Laura, good-natured “in spots,” as she herself expressed it, was so desirous of continuing what seemed to be a promising conversation that she agreed at once, and went indoors with Merial to change breeches and boots for the jeans. She took off her hacking jacket, too, and reappeared prepared for the work. Nothing would have induced Laura to lift a finger to perform any ordinary household task—a point which she had explained clearly to Detective Chief-Inspector Gavin before she married him, but cleaning out stables and pig-sties came under no ban where she was concerned.
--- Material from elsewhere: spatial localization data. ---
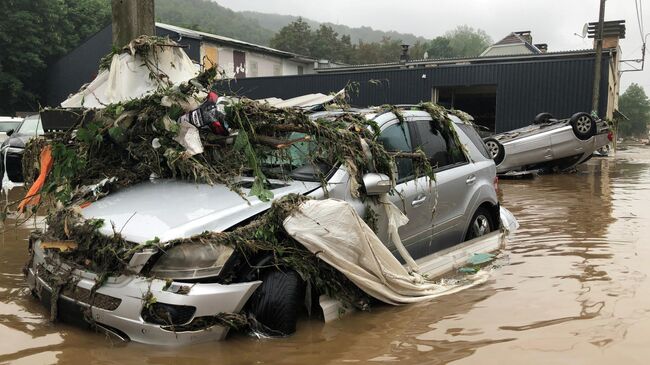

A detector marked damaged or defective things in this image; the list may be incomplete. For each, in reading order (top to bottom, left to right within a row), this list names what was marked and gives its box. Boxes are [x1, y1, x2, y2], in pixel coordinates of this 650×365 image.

damaged car [480, 111, 612, 173]
overturned car [480, 111, 612, 173]
crumpled car hood [81, 178, 322, 243]
torn tarp [284, 199, 486, 304]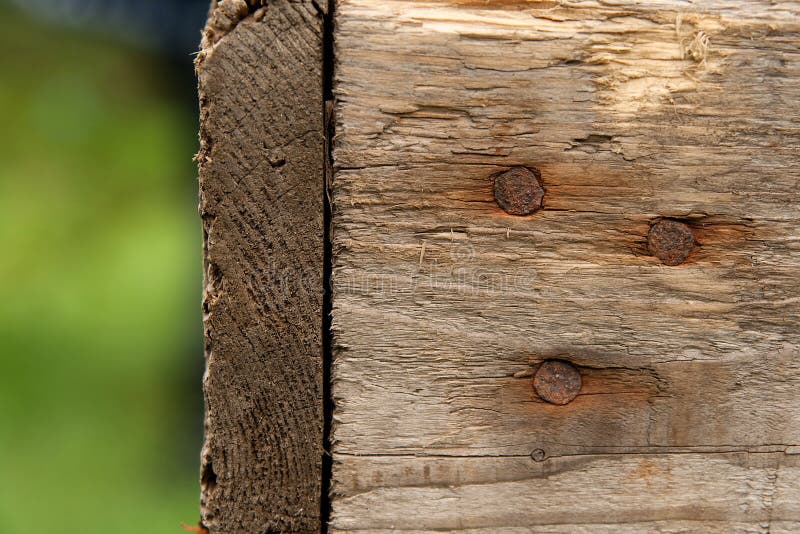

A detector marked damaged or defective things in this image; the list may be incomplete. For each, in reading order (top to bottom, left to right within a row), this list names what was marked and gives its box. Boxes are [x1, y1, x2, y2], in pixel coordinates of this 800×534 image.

rusty nail [494, 169, 544, 217]
rusty nail [648, 219, 692, 266]
rusty nail [532, 360, 580, 406]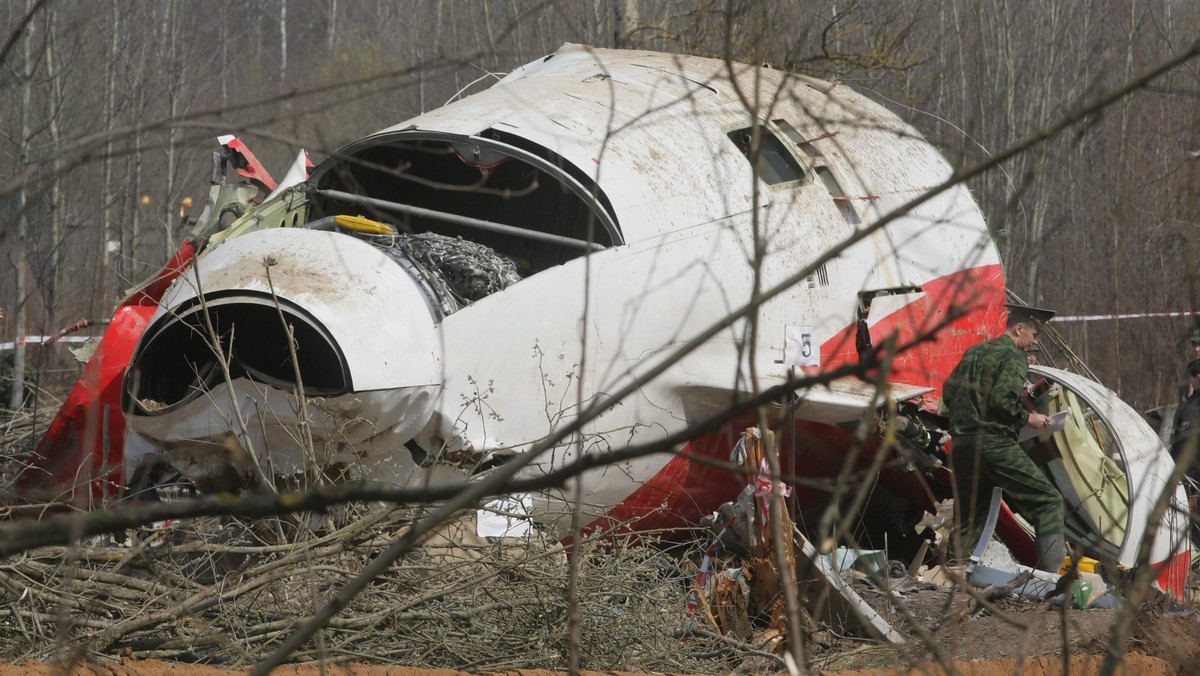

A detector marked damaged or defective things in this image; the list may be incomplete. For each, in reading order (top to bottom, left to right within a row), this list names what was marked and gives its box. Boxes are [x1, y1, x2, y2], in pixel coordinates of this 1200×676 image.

broken window opening [304, 130, 624, 278]
broken window opening [720, 124, 806, 186]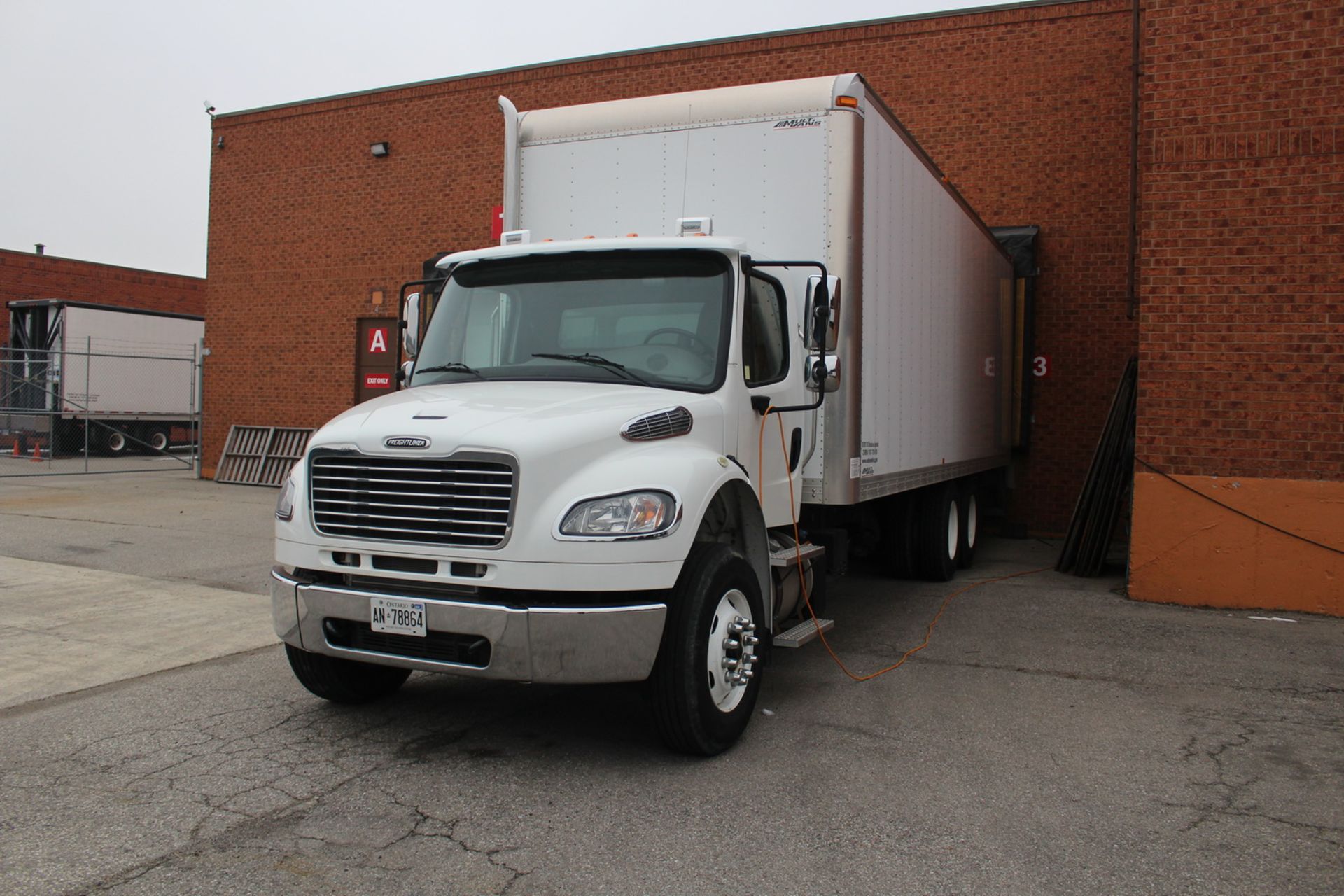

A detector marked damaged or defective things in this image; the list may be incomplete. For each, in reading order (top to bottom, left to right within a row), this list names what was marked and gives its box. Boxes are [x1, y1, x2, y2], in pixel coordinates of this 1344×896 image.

cracked pavement [2, 473, 1344, 890]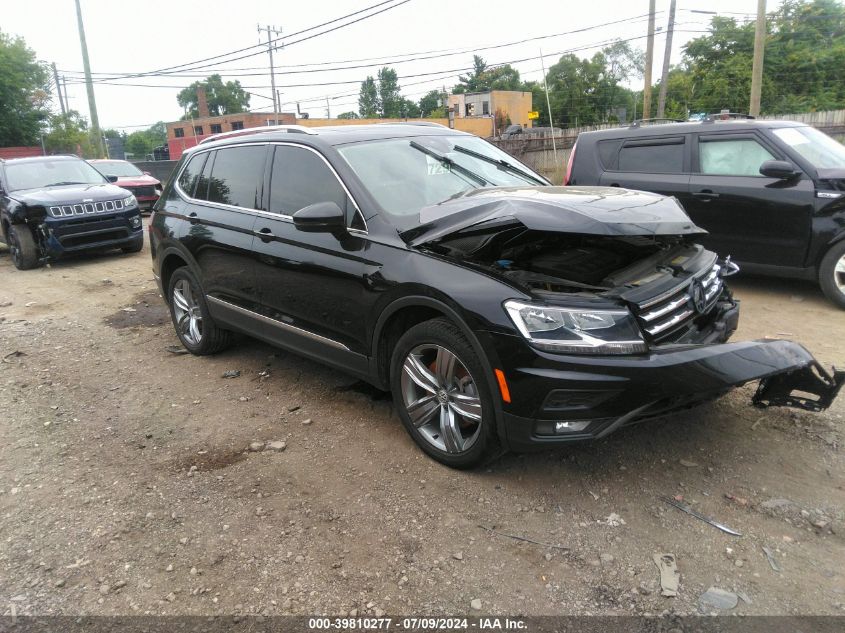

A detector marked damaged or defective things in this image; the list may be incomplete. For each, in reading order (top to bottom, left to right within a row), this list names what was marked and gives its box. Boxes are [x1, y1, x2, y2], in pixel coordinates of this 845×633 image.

crumpled hood [400, 184, 704, 246]
broken headlight [502, 298, 648, 354]
damaged front end [406, 185, 840, 434]
detached front bumper [492, 336, 840, 450]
She would likewise hew wood and draw water, take a bicycle to pieces, knock a handy nail or two into a piece of wood, remove or put in screws correctly and competently—all, in her view, activities not prejudicial to human dignity; but the usual domestic work of women she held to be beneath contempt, an attitude which had freed her in her youth from several detestable chores.
“Thanks a lot. You’re a sport,” said Merial, when the task was concluded. “They’ll be coming back soon. What about a drink?”